Published in the journal Applied Nursing Research, the article titled “Avatar-based depression self-management technology: promising approach to improve depression symptoms among young adults” posits that people in the 18-to-25 age group can seriously benefit from utilizing online avatars (3D virtual images of healthcare providers).
Researchers used an interactive online avatar program called eSMART-MH, which was was designed in Buchner's Virtual Gaming Lab and tailored for young adults with depressive symptoms. Basically, eSMART-MH walks young adults through healthcare appointments with an avatar healthcare provider, as if the online experience is an office appointment. Young adults can practice talking about their feelings of depression, ask questions and learn self-management skills to help manage depressive symptoms.

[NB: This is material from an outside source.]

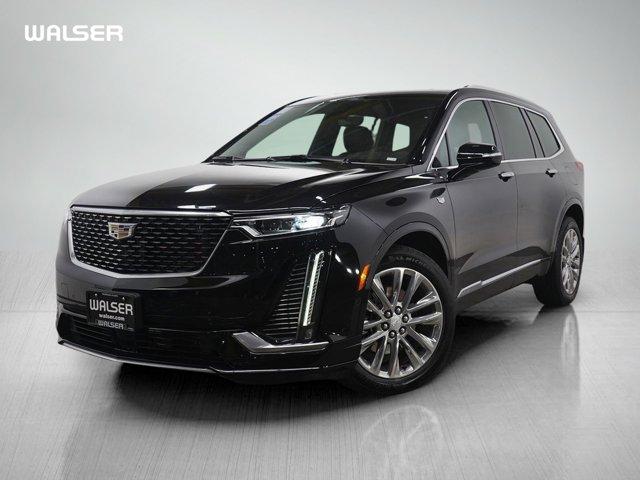 used 2022 Cadillac XT6 car, priced at $35,000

The sample included 28 participants divided into two groups: one used the eSMART-MH, and one used a electronic screen-based health system. According to Science Daily:
In this small pilot study, young adults who received eSMART-MH had a significant reduction in depressive symptoms over the three-month study, and depressive symptoms dropped below level for clinical significance. The young adults who received electronic screen-based information only had no significant change in depressive symptoms during the study.
Melissa Pinto, the lead study researcher said that the data was promising and that she looks forward to doing more research on this topic.
I don't know that I'd feel more comfortable interacting with an avatar to prepare for a real meeting with a mental healthcare provider, but I might feel comfortable using an online avatar just to get past initial questions, maybe as a screening tool or something like that.
If this kind of practice were to become widespread, it does sound like it would be a great tool to reach younger adults who might be having depressive symptoms. Since young people are less likely to have health insurance, this kind of a program could be a valuable tool for screening, and could save individuals and care providers quite a bit of money, depending on how it was used and implemented.
What do you think? Would you feel comfortable telling an avatar about your symptoms of depression?